Pour les stablecoins qui suivent une monnaie comme l’euro ou le dollar, le cadre impose des exigences relatives à l’émetteur, aux réserves, à l’information et au remboursement. Les émetteurs de jetons de monnaie électronique doivent être des établissements autorisés selon les règles européennes applicables.

MiCA interdit également à l’émetteur ou au prestataire de rémunérer la simple détention d’un jeton de monnaie électronique comme s’il s’agissait d’un produit d’épargne portant intérêt.

Cela ne veut pas dire qu’aucune application ne proposera de rendement autour d’un stablecoin. Ce rendement proviendra alors d’un service distinct, avec ses propres risques.

Depuis juillet 2026, les prestataires de services sur crypto-actifs actifs en France doivent disposer d’une autorisation MiCA ou intervenir dans le cadre européen prévu. Vérifier la liste blanche de l’AMF constitue un réflexe utile avant d’utiliser une plateforme.

Les risques à comprendre

Le risque de perte d’ancrage

Le prix peut s’éloigner de la valeur cible. Une légère variation temporaire n’a pas la même gravité qu’une perte durable liée à un défaut de réserves.

Le risque de l’émetteur

Un stablecoin centralisé dépend de la gestion, des banques partenaires et des actifs détenus en réserve.

Le risque de blockchain

Les frais, la congestion, un pont inter-blockchains ou un smart contract peuvent ajouter une couche de risque indépendante du stablecoin lui-même.

Le risque de plateforme

Détenir un stablecoin sur un exchange signifie dépendre de cet intermédiaire. Le risque n’est pas identique à celui d’une détention dans un wallet personnel.

Le risque de gel

Certains émetteurs disposent de fonctions permettant de bloquer des adresses, notamment pour répondre à des obligations légales ou à une attaque. Cette capacité protège parfois l’écosystème, mais rappelle que tous les stablecoins ne sont pas décentralisés.

Le risque de change

Un stablecoin en dollars n’est stable qu’en dollars. Sa valeur en euros varie avec le marché des changes.

Le risque fiscal

Selon l’opération et le pays de résidence, convertir, dépenser ou utiliser un stablecoin peut produire des conséquences fiscales.
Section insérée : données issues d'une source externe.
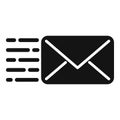 Fast envelope delivery icon simple vector. Velocity work online Royalty Free Stock Photo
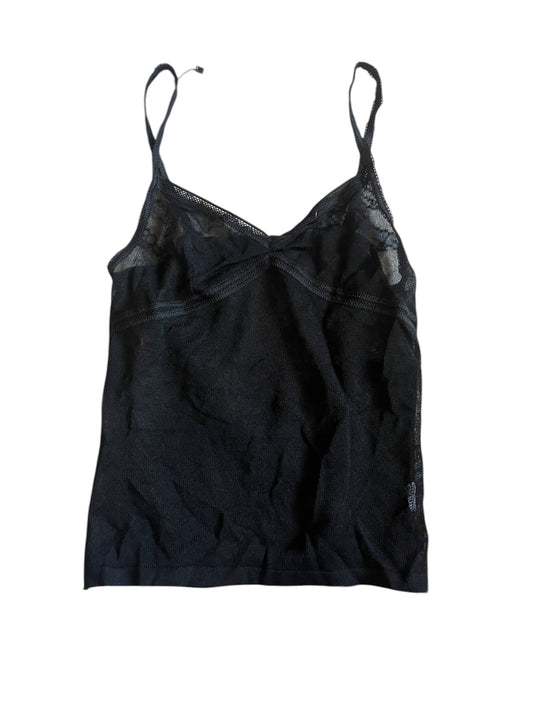 Sheer Black Lace Camisole #12207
Le terme « monnaie numérique » ne signifie pas qu’il est traité exactement comme un euro bancaire.

Comment choisir un stablecoin

Avant de l’utiliser, il est utile de vérifier :

  1. la monnaie ou l’actif de référence ;
  2. l’identité et le statut de l’émetteur ;
  3. la composition des réserves ;
  4. les conditions de remboursement ;
  5. les rapports d’audit ou attestations ;
  6. la liquidité sur les plateformes utilisées ;
  7. la blockchain et l’adresse exacte du contrat ;
  8. les frais de transfert et de conversion ;
  9. l’existence de fonctions de gel ou de liste noire ;
  10. la raison pour laquelle le stablecoin est détenu.

Cette dernière question est essentielle. Un stablecoin utilisé quelques heures pour régler une opération n’a pas le même profil de risque qu’une épargne conservée pendant plusieurs années.

Une explication simple à retenir

Dans une formation, une comparaison aide souvent à comprendre : un stablecoin ressemble à un jeton de casino numérique qui circule sur plusieurs tables, mais dont la valeur dépend de la capacité de la caisse à le reprendre au prix annoncé.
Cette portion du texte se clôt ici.